[Exercise details]
Produce exactly the lines from the one holding "May include: Black" through the last line of the data below, with every picture left out.

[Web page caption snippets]
___

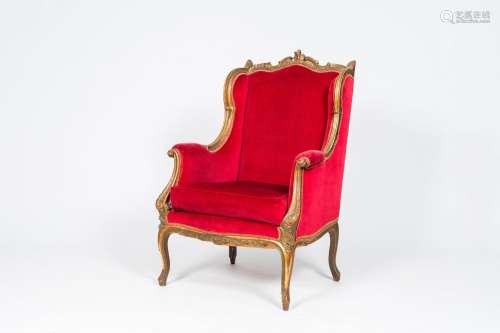 A French Louis XV style red velvet upholstered armchair, 20t...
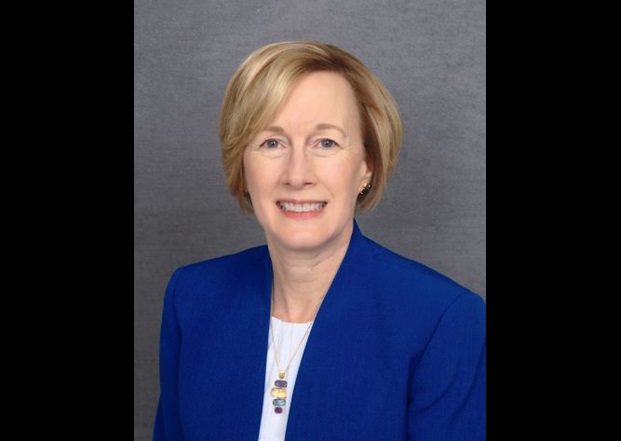 Portrait of Deborah Lee - blonde woman in blue suit jacket smiling at camera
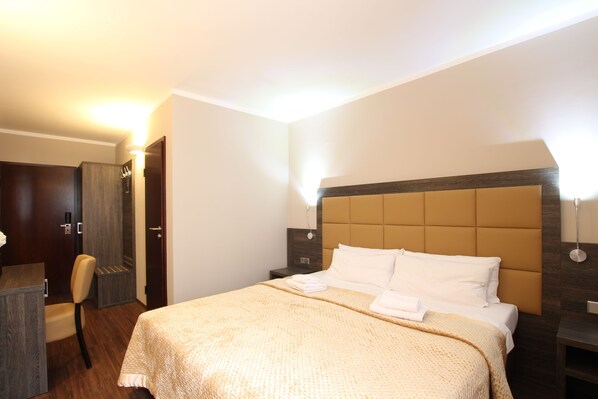 Una habitación de hotel con una cama, mesitas de noche, un escritorio y una silla.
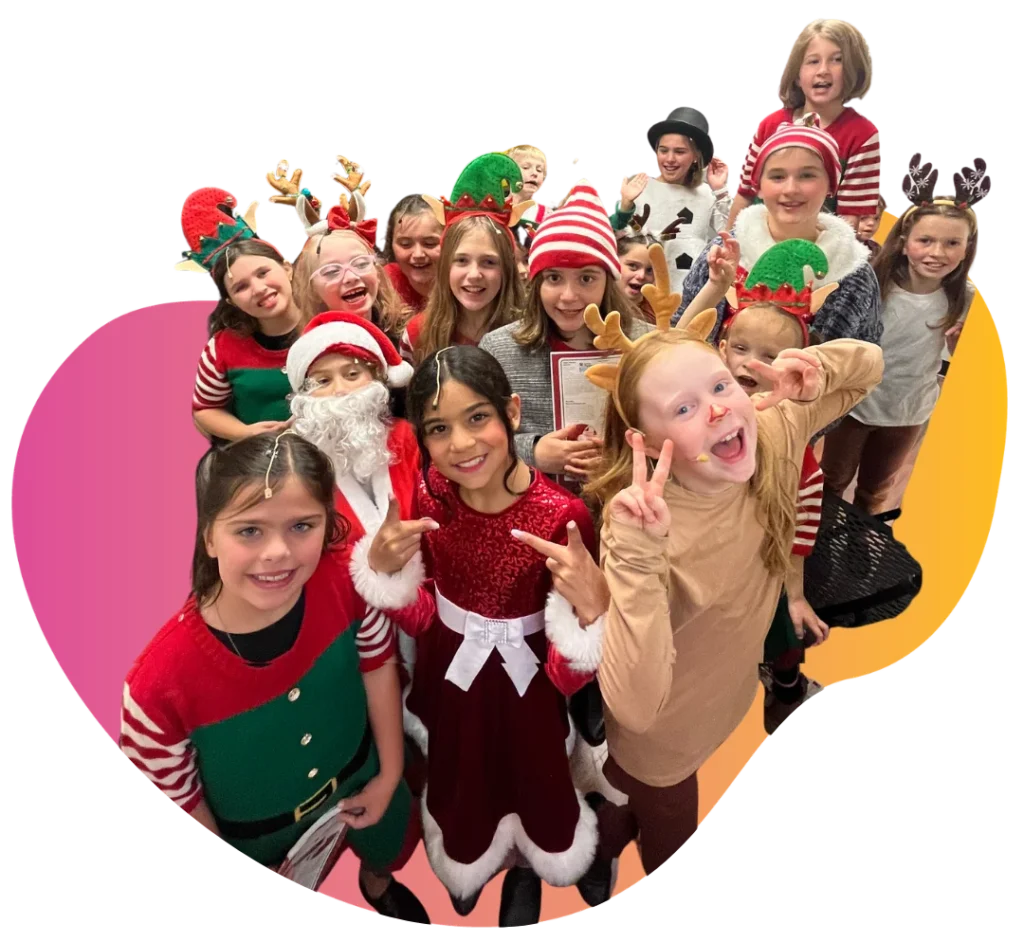 What is Jr Troupe at FAME Performing Arts Large group of young performers in festive holiday costumes and antler headbands posing happily during a FAME Jr Troupe show.
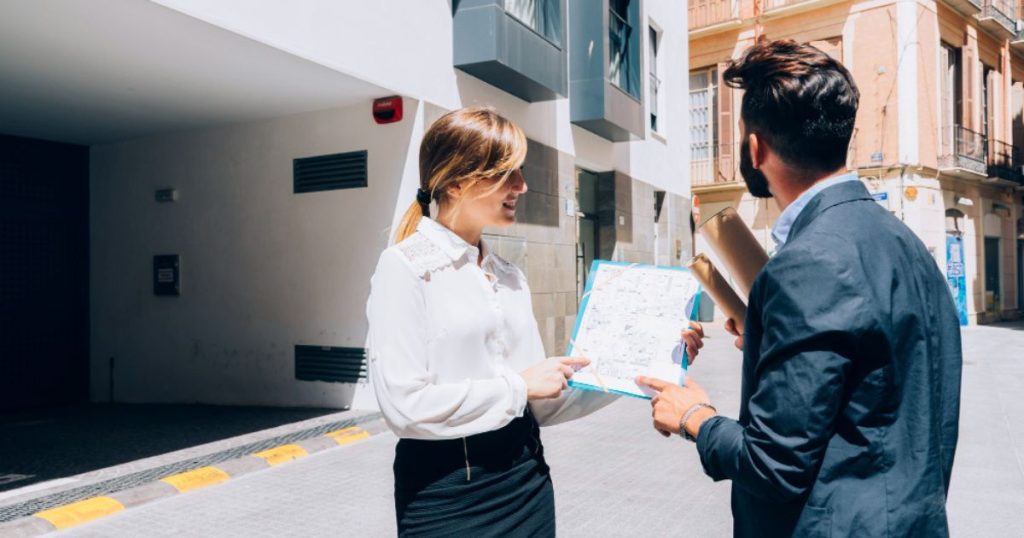 A man looking at apartments with a local real estate expert
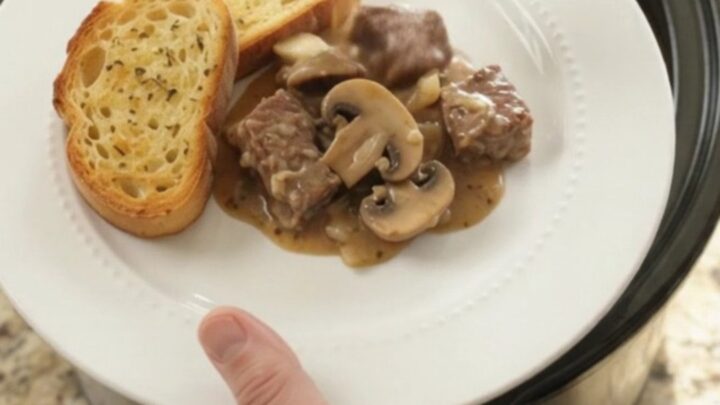 A slow cooker filled with creamy ribeye bites and mushrooms, topped with melted Gruyère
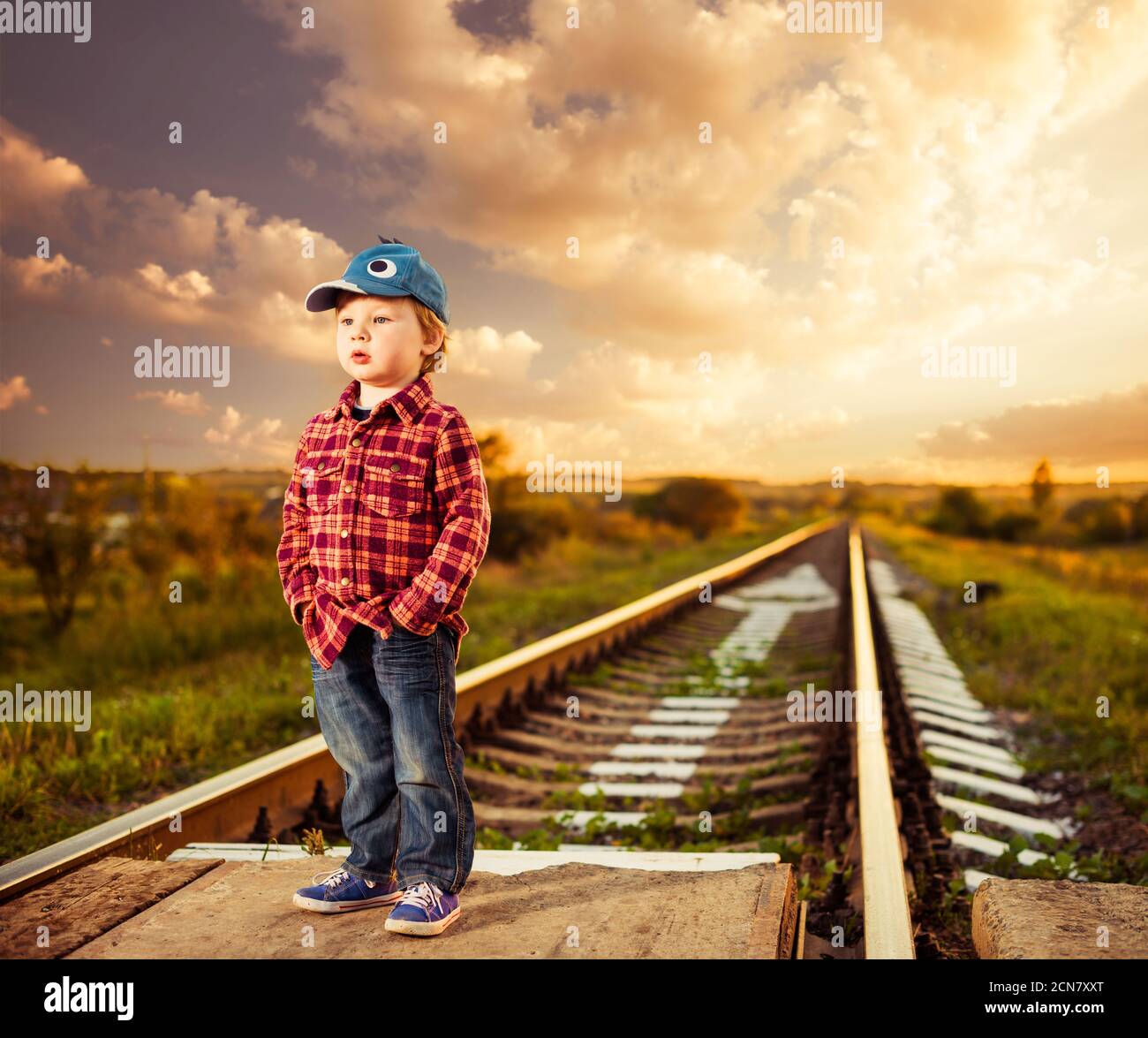 Joli petit garçon en chapeau debout dans le paysage de chemin de fer rural Banque D'Images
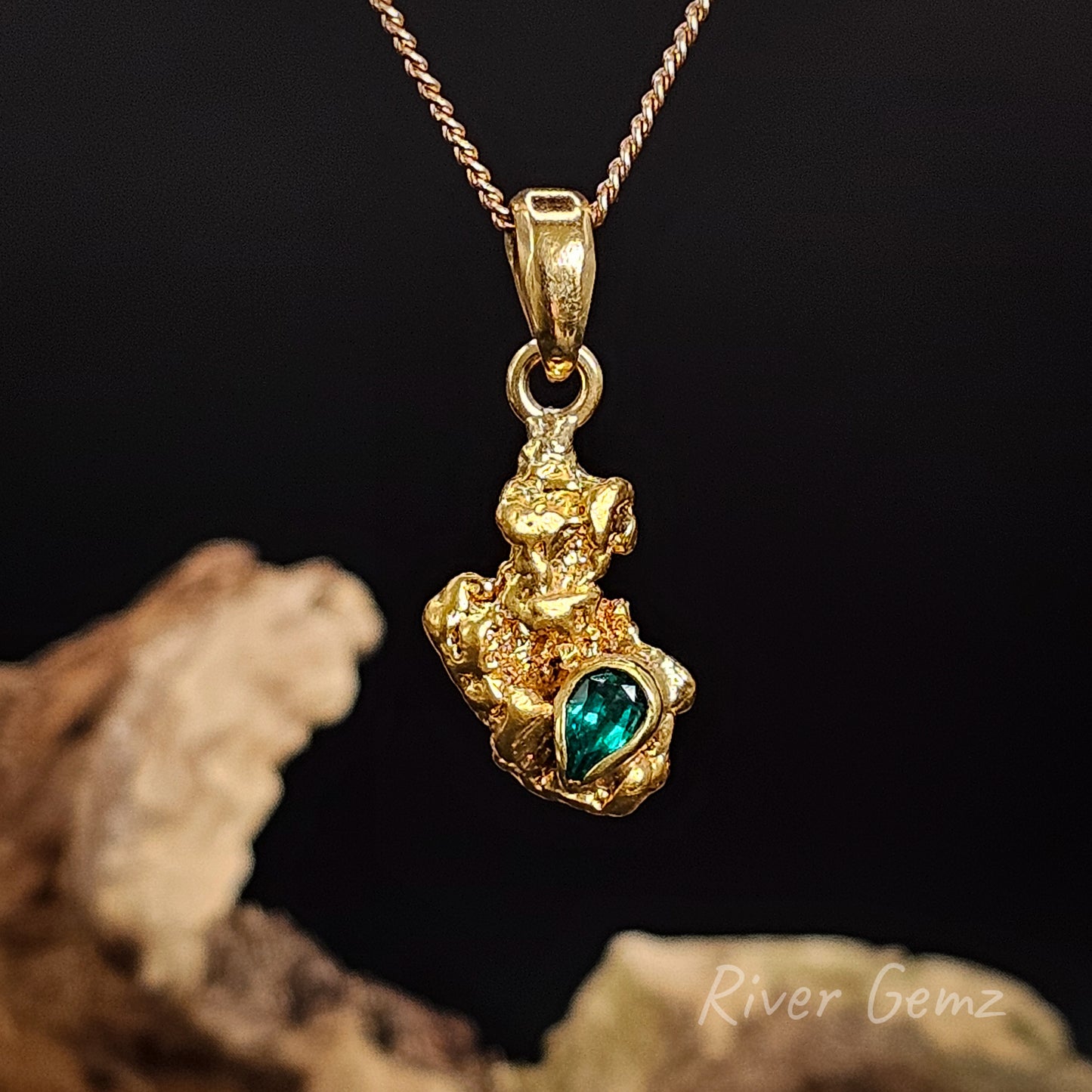 Yellow nugget and green emerald stone in a pendant against a black background. 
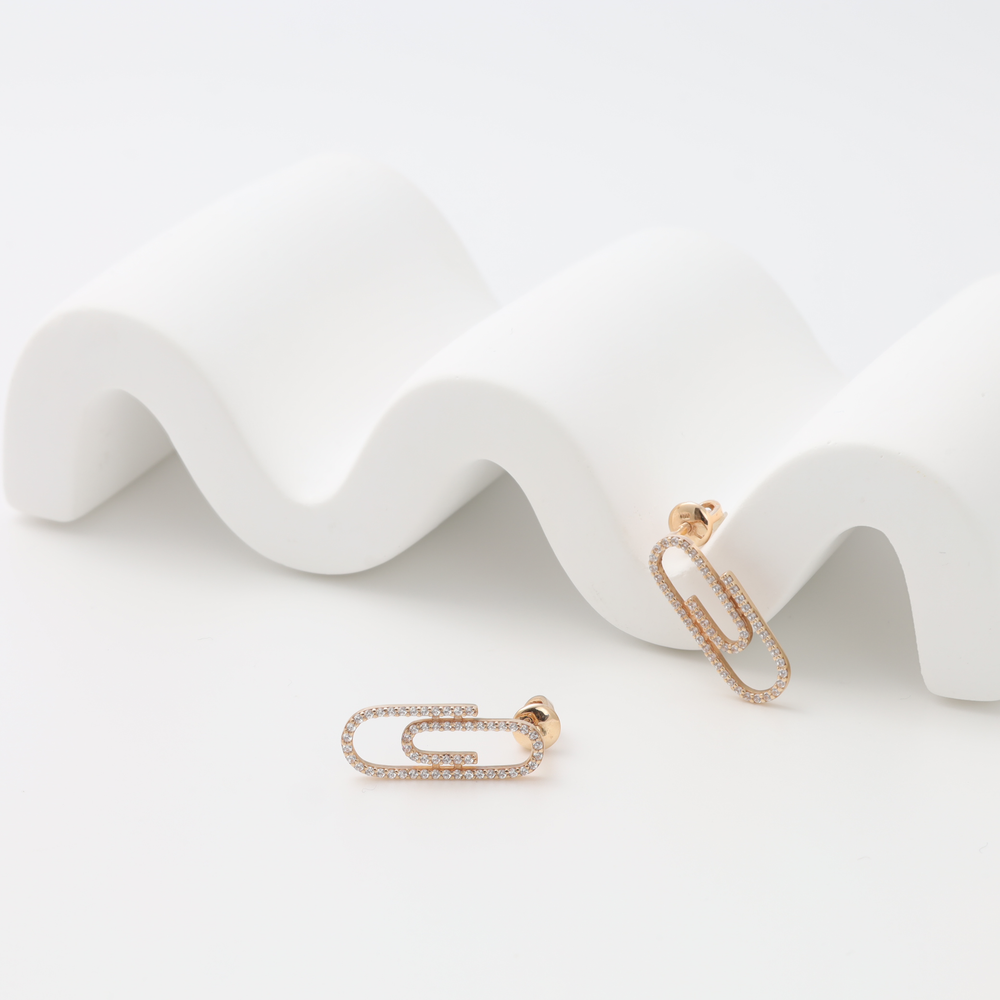 Pair of 14k gold paperclip stud earrings with small clear stones on white display, Ukrainian Jewelry, minimalist gold earrings.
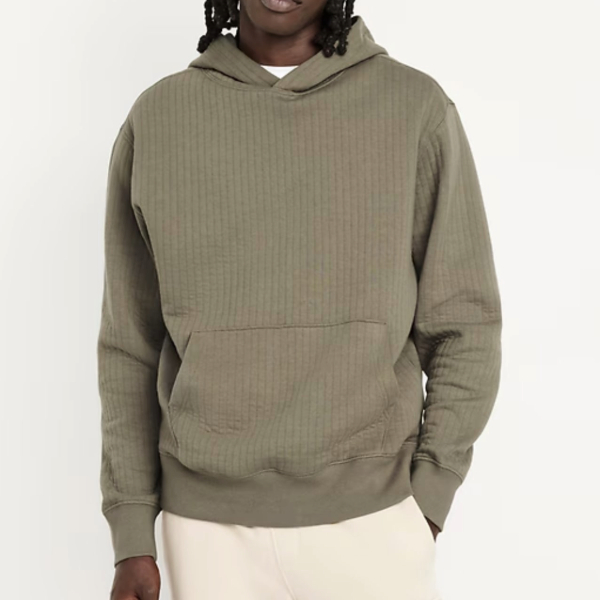 a man wearing a quilted fleece hoodie over casual pants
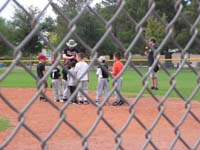 16-first_practice_for_Coach_Pitch_little_league_baseball-Daddy_greeting_team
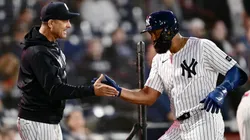 Amed Rosario #14 of the New York Yankees celebrates with manager Aaron Boone #17.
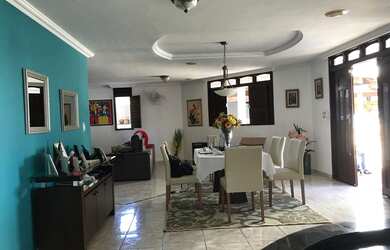 Imagem: A casa possui 3 Dormitórios, 5 Banheiros, 5 Vagas na garagem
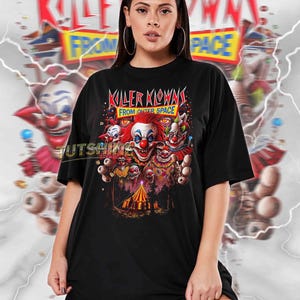 May include: Black unisex t-shirt featuring a colorful graphic of several clown faces with the text "KILLER KLOWNS FROM OUTER SPACE." The design includes a circus tent and other carnival elements. The shirt is a true-to-size fit.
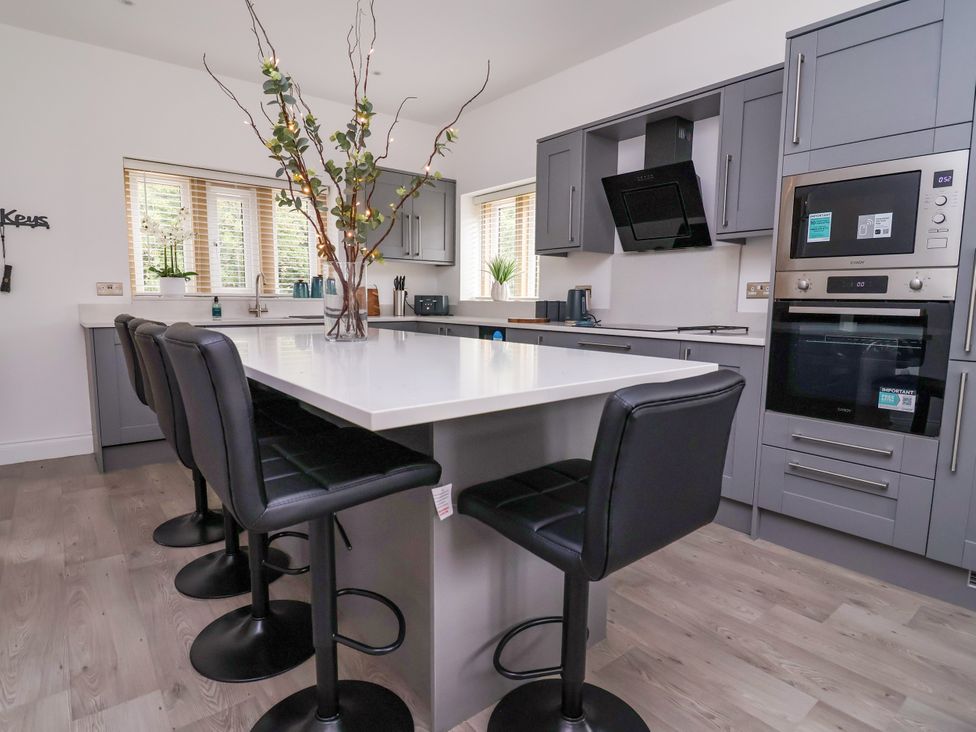 A kitchen with bar stools and appliances at Greenfield Manor near Greenfield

___

[Exercise answer]
 May include: Black unisex t-shirt featuring a colorful graphic of several clown faces with the text "KILLER KLOWNS FROM OUTER SPACE." The design includes a circus tent and other carnival elements. The shirt is a true-to-size fit.
 A kitchen with bar stools and appliances at Greenfield Manor near Greenfield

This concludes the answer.